París es París. Sin necesidad de ningún artilugio, es la Ciudad Luz, la ciudad del amor, la ciudad de la moda y de las tiendas de más glamour en los grandes espacios comerciales.
Es la ciudad del Río Sena y de la emblemática Torre Eiffel. Sin embargo, la espectacularidad de las ceremonias de apertura y cierre de los Juegos Olímpicos magnificó el nombre e imagen de esta “ville” (ciudad).
La celebración durante tres semanas de competencias de por sí fueron un atractivo para enamorarse de París. Los que conocen ya la urbe revivieron su nostalgia y deseos de regresar, mientras que los que nunca han pisado sus calles y boulevares o jardines, han soñado con llegar algún día, ahorro tras ahorro, a sus sitios míticos.
Pero ¡cuidado!, no hay que alardear que todo es agradable y fascinante en París. Para empezar, la enorme seguridad desplegada por el gobierno de Francia y empresas privadas de alta tecnología, con el uso inclusive de Inteligencia Artificial (IA), llevó a extremos su vigilancia con resultados asombros. El escenario parecía el de una guerra, con guardias armados “hasta los dientes” por todos lados y con aparatos de geolocalización asombrosos. Sí. Había mucha seguridad a costa de la privacidad de las personas que andaban en su deambular por las calles.

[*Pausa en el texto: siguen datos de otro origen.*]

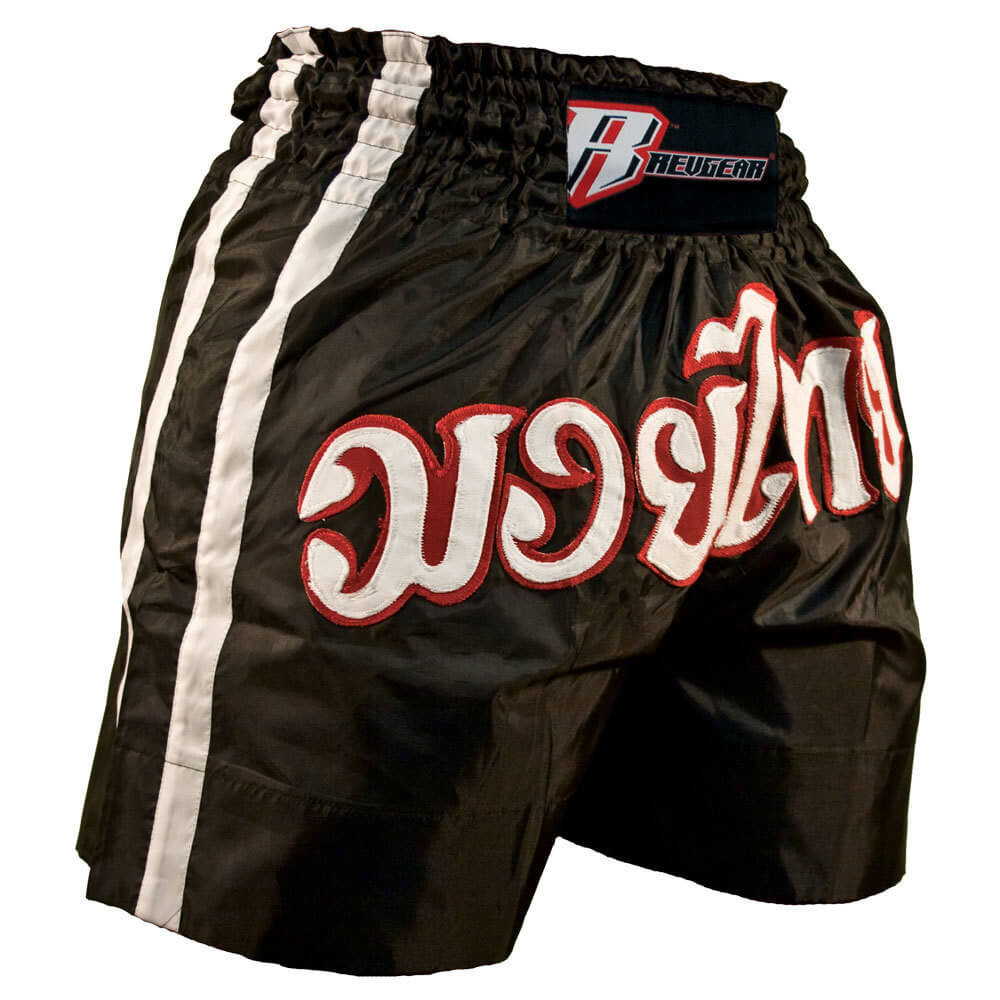 Image of Muay Thai Shorts - Black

También hay que saber cómo se las ingenió la autoridad para que los rayos luminosos no alumbraran a los pobres callejeros, que a diario deambulan con sus trastes y cartones para dormir, inclusive en los amplios Campos Elíseos o cerca del Arco del Triunfo. Los supieron esconder muy bien, lejos del centro de París. En la ceremonia de apertura ya pudieron acercarse a su entorno, pero porque el Stade de France en San Denis está a media hora en taxis; ni peligro que sus luces cayeran sobre el rostro y la cabeza de los sin techo.
Hoy, ese otro París ha vuelto a asomar su rostro. Y son los mismos que siguen hurgando en los botes de basura o levantando la mano por una moneda o un poco de comida que le haya sobrado alguien que le tenga lástima. Ya está de vuelta ese otro París de los africanos perseguidos por la police, tratando de arrebatarle su mercancía envuelta en mantas.
Sí, sí, también está el París de siempre con sus largas filas en la Torre Eiffel tratando de aguantar el solazo con tal de comprar un boleto para escalar el monumento legendario de una estructura de hierro. Y ni qué decir de los que se arremolinan en el Museo de Louvre en busca de satisfacer su sed de cultura y ver la miniatura de la Mona Lisa.
Uno y otro París se las ingenian para convivir. No importa que el turismo de gala trate de ignorar a uno de ellos.